As this publication went to press an uneasy calm seemed to have settled over the market for the time being, as executives awaited news or direction from the UK government. But this could not last forever, as Geraghty at Marsh Captive Solutions points out.

“Since the vote to leave the EU, we have been monitoring the situation and have not seen any major changes as yet. Keep in mind that when the UK government formally notifies the European Council about its decision, it will trigger Article 50 of the Lisbon Treaty, which will start a transition period that is expected to last up to two years,” he says.

“The effects of Brexit on captive owners and EMEA domiciles will become more apparent during this transition as negotiations conclude and the terms of the UK’s relationship with the EU become clearer.”

David Kirkup, chief operations officer and chief financial officer of Captive Alternatives, agrees that the industry faces a period of uncertainty. But he predicts that there will be winners and losers in terms of domiciles as the negotiations and wider fallout from Brexit pan out. Domiciles such as Puerto Rico could benefit in the long term, he believes.

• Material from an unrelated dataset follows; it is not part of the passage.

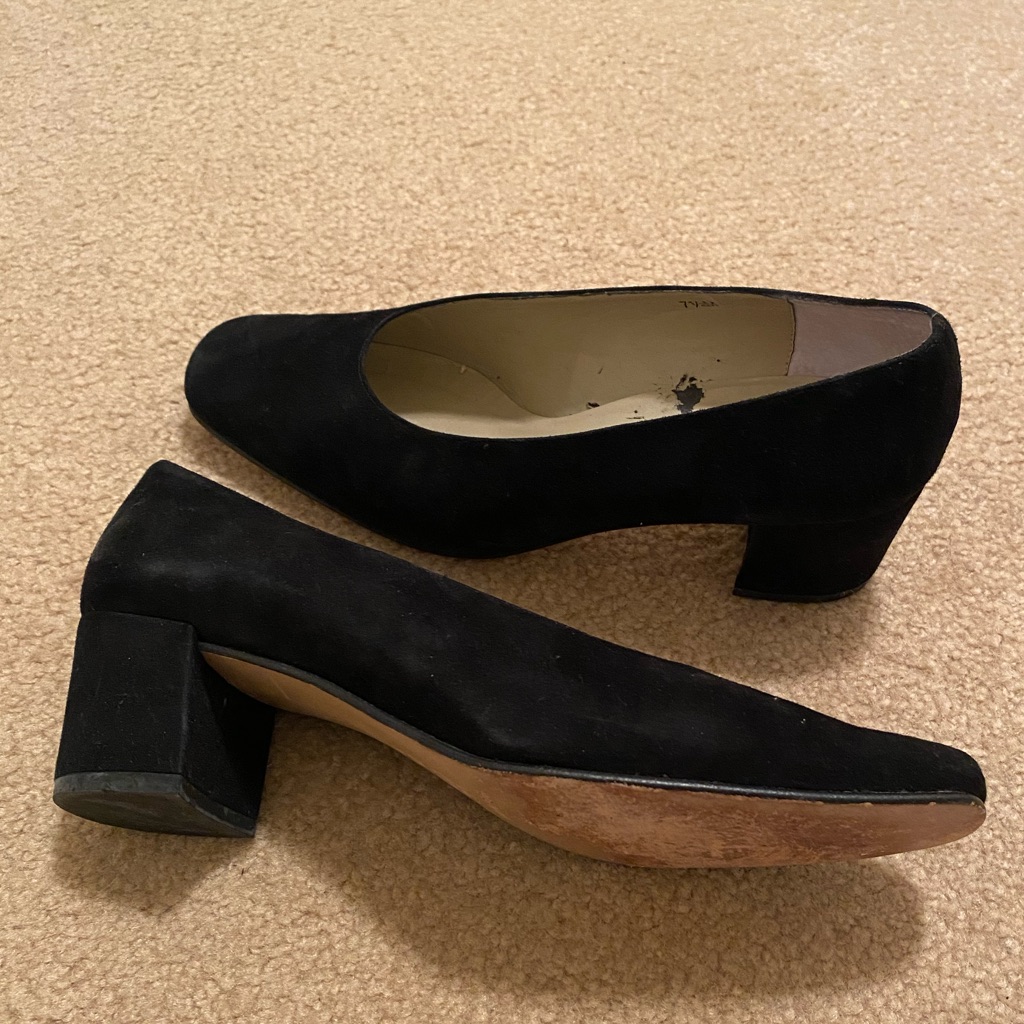 Van Eli Black Suede Heel Size 7.5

“Brexit has led to a good deal of uncertainty and speculation about the future. Some observers believe that increased regulation is likely if the ability of UK insurers to write business in the EU is impinged,” he says.

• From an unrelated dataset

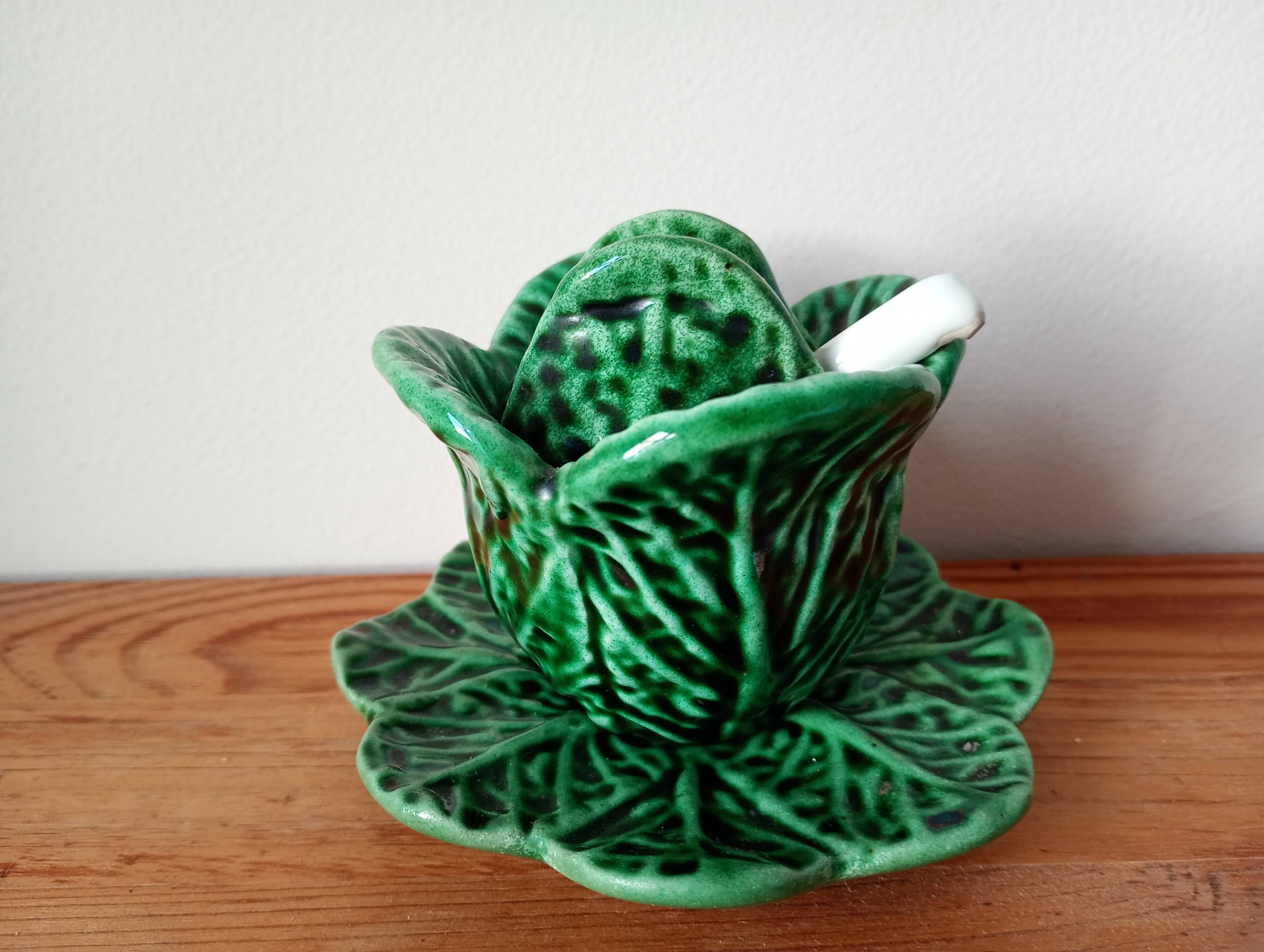 small cabbage-shaped slip pot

“Others note that European domiciles such as Dublin, Malta, and Gibraltar may find themselves subject to increased investment and exchange rate volatility that may have knock-on effects on solvency.

“The biggest issue remains uncertainty about the process and timing of the UK’s exit. We are not yet certain what benefits may flow to western domiciles such as Puerto Rico, but increased exposure to Puerto Rico’s International Insurer rules and operational efficiency may lead to new opportunities for business from both European and UK companies.”

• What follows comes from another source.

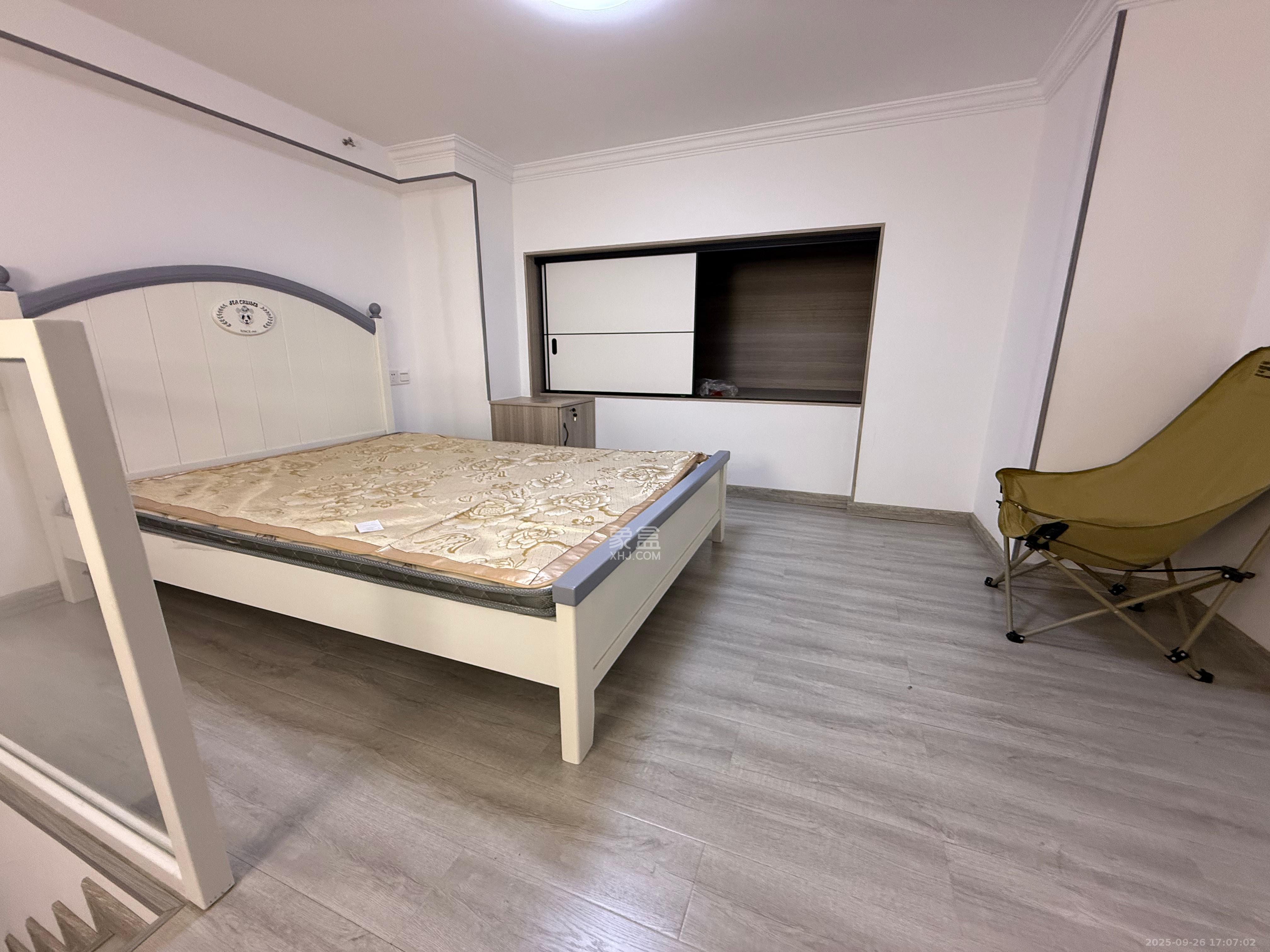 藏珑湖上公馆 1室1厅1卫 2400.0元/月 藏珑湖上公馆 1室1厅1卫 2400.0元/月室内图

Looking to the future of the industry in a post-Brexit world, Cutts-Watson believes that it will have little to no effect on the wider captive markets. It may, however, have an impact on certain domiciles such as Gibraltar, which will lose the ability to write directly into the EU.

“We see Brexit (and the possible exit of other countries from the EU) as further evidence that the most efficient means of captive participation in a global insurance programme is through the tried and tested model of fronting into an offshore reinsurance captive,” Cutts-Watson says.

“Gibraltar will have the opportunity to remarket itself as a non-EU domicile. Will the UK seize the opportunity as Ireland did to re-energise its financial services by creating an International Finance Centre (with reduced regulation and corporate tax) to encourage inward investment and establishment of UK-based captives?

“It amuses us to consider the irony of the UK becoming an offshore finance centre after its political establishment’s previous attacks on these jurisdictions,” he adds.

He also notes that although Brexit presents great uncertainty and many challenges to captives, there are issues that are more of a threat.

“Our biggest concern to the sustainability of the captives industry is not Solvency II or Brexit, but base erosion and profit-shifting (BEPS),” he says, which he claims has the potential to fundamentally alter the business model of the captives industry.

“The European Captive Insurance and Reinsurance Owners’ Association (ECIROA) and other industry players are highlighting the issues, and it would appear that the captive model is set to be challenged,” he says.